___ DATA EXTRACT ___

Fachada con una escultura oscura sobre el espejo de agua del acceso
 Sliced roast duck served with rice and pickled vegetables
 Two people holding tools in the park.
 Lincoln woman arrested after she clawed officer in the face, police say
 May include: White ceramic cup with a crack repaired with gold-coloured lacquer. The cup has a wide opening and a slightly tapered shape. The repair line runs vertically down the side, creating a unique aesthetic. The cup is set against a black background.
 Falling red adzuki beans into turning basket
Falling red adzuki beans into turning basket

___

■ WHAT NEEDS TO BE DONE:
Write out only those lines that fall between the one containing "Sliced roast duck" and the end of the entries, the first and last included, exactly as they read.

■ EXERCISE OUTPUT:
 Sliced roast duck served with rice and pickled vegetables
 Two people holding tools in the park.
 Lincoln woman arrested after she clawed officer in the face, police say
 May include: White ceramic cup with a crack repaired with gold-coloured lacquer. The cup has a wide opening and a slightly tapered shape. The repair line runs vertically down the side, creating a unique aesthetic. The cup is set against a black background.
 Falling red adzuki beans into turning basket
Falling red adzuki beans into turning basket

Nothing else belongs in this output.